#### [Provided data]

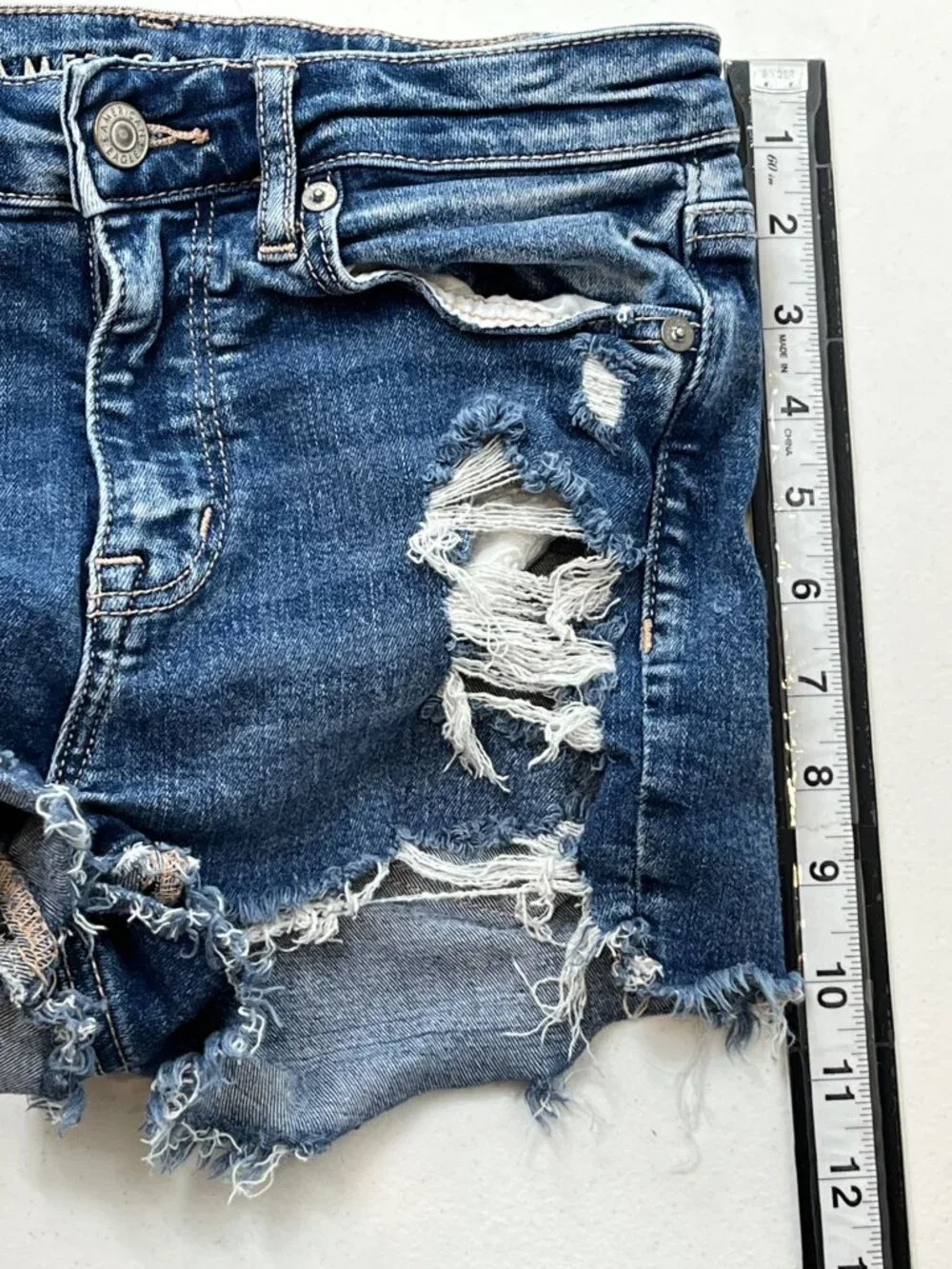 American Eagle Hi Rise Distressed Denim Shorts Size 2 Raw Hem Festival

* * *

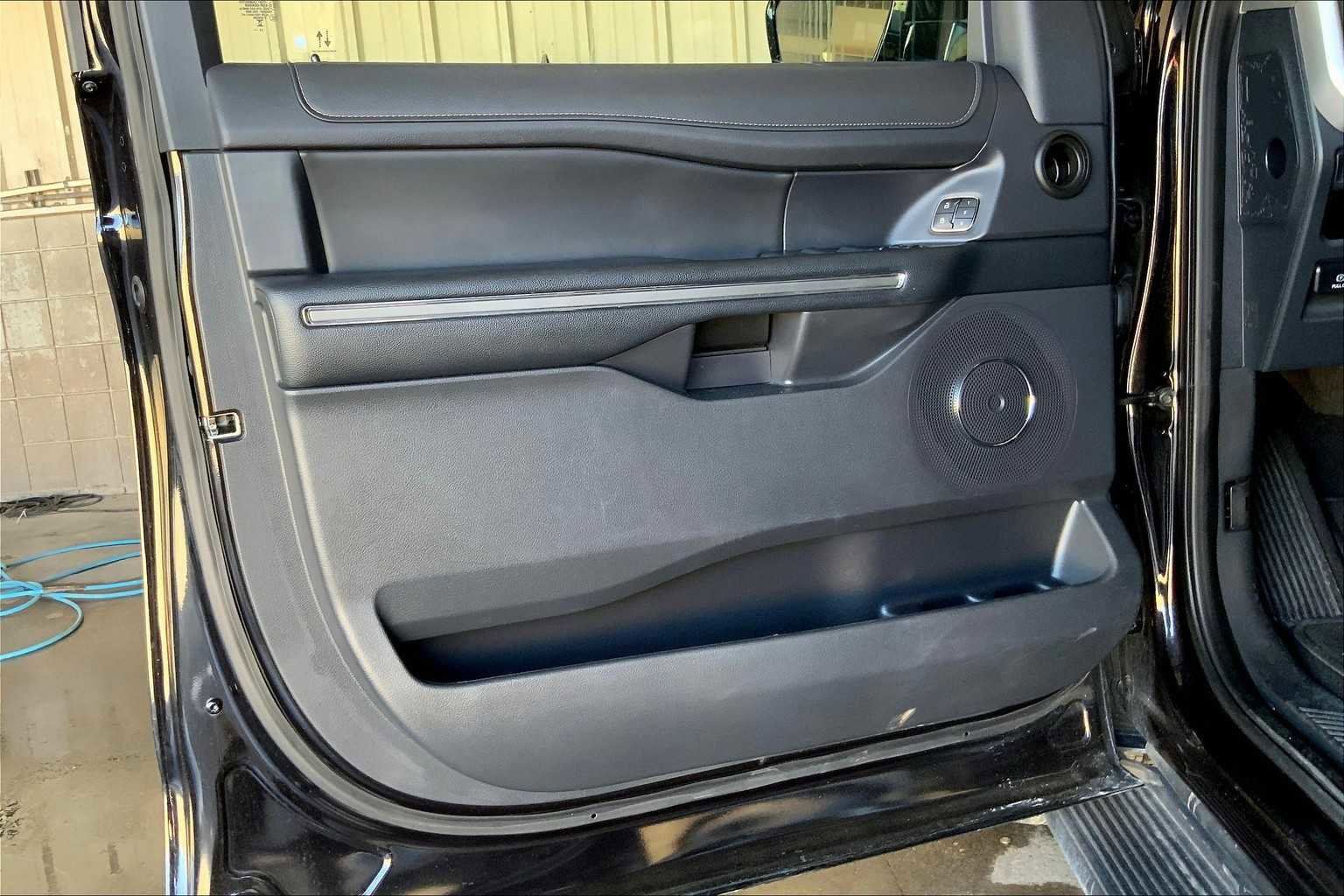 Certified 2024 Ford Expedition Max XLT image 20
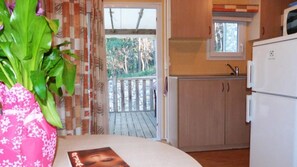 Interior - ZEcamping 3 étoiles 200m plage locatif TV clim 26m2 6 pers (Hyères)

#### [What the task asks]
Taking the records above, print only and exactly the lines from the line with "Certified 2024 Ford" to the line with "Interior - ZEcamping", both kept, and exclude pictures.

#### [Answer for the task]
 Certified 2024 Ford Expedition Max XLT image 20
 Interior - ZEcamping 3 étoiles 200m plage locatif TV clim 26m2 6 pers (Hyères)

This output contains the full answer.